El día 2, a las seis de la mañana, nuestros preciosos bagajes estaban a bordo de la Valkyrie. El capitán nos condujo a unos camarotes estrechos que parecían garitas.
—¿Tenemos buen viento? —preguntó mi tío.
—Excelente —repitió el capitán Bjarne—. Viento del sudeste. Vamos a salir del Sund a un largo y a todo trapo.
Unos instantes después, la goleta, con su trinquete, su cangreja, su gavia y sus juanetes, aparejó y entró en el estrecho a toda vela. Al cabo de una hora, la capital de Dinamarca parecía abismarse en las lejanas olas y la Valkyrie rozaba casi la costa de Elsenor.
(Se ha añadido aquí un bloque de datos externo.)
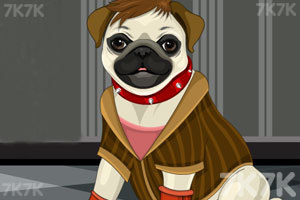 照顾我的宠物小狗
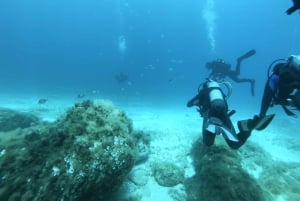 Malta: St. Paul's Bay 1-dags dykkerkursus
En la disposición nerviosa en que yo me encontraba, esperaba ver la sombra de Hamlet errando en el terrado de la leyenda.
—¡Sublime loco! —decía yo—. ¡Tú sin duda aprobarás nuestra empresa! ¡Nos seguirás tal vez para buscar en el centro del Globo una solución a tu eterna duda!
Pero nada apareció en los antiguos terraplenes. El castillo es, además mucho más moderno que el heroico príncipe de Dinamarca. Sirve actualmente de suntuoso alojamiento al portero de aquel estrecho del Sund, por el cual pasan todos los años quince mil buques de todas las naciones.
El castillo de Krongborg desapareció luego velado por la bruma, y lo mismo la torre de Helsinborg, que se levanta en la costa de Suecia, y la goleta se inclinó ligeramente impelida por las brisas de Cattegat.
La Valkyrie era muy velera, pero con un buque de vela no se sabe nunca cuándo se llegará al término de un viaje. Transportaba a Reykjavík carbón, alfarería, vestidos de lana y un cargamento de trigo. Bastaban para la maniobra cinco tripulantes, que eran todos daneses.
—¿Cuánto durará la travesía? —preguntó mi tío al capitán.
—Unos diez días —respondió éste— si al atravesar las Feroe no encontramos vientos frescos del noroeste.
—¿Pero no se suelen experimentar retrasos considerables?
—No, tranquilizaos, llegaremos.
Al anochecer, la goleta dobló el cabo Skagen, en el extremo norte de Dinamarca, atravesó durante la noche el Skager-Rak, costeó la extremidad de Noruega, cruzando por el cabo de Lindnes, y entró en el mar del Norte.
Dos días después, divisamos la costa de Escocia a la altura de Peterheade, y la Valkyrie hizo rumbo hacia las Feroe pasando por entre las Orcadas y las Shetland.
No tardaron las olas del Atlántico en azotar los flancos de nuestra goleta, y tuvimos que andar de vuelta y vuelta para picar el viento del norte que no sin trabajo nos permitió alcanzar las Feroe. El 8, el capitán reconoció Myganness, la más oriental de aquellas islas, y desde aquel momento encaró el bauprés al cabo Portland, situado en la costa meridional de Islandia.
No ofreció la travesía incidente alguno notable. No me mareé, pero mi tío no dejó un momento de estar enfermo, lo que le tenía de muy mal humor, y sobre todo, muy avergonzado.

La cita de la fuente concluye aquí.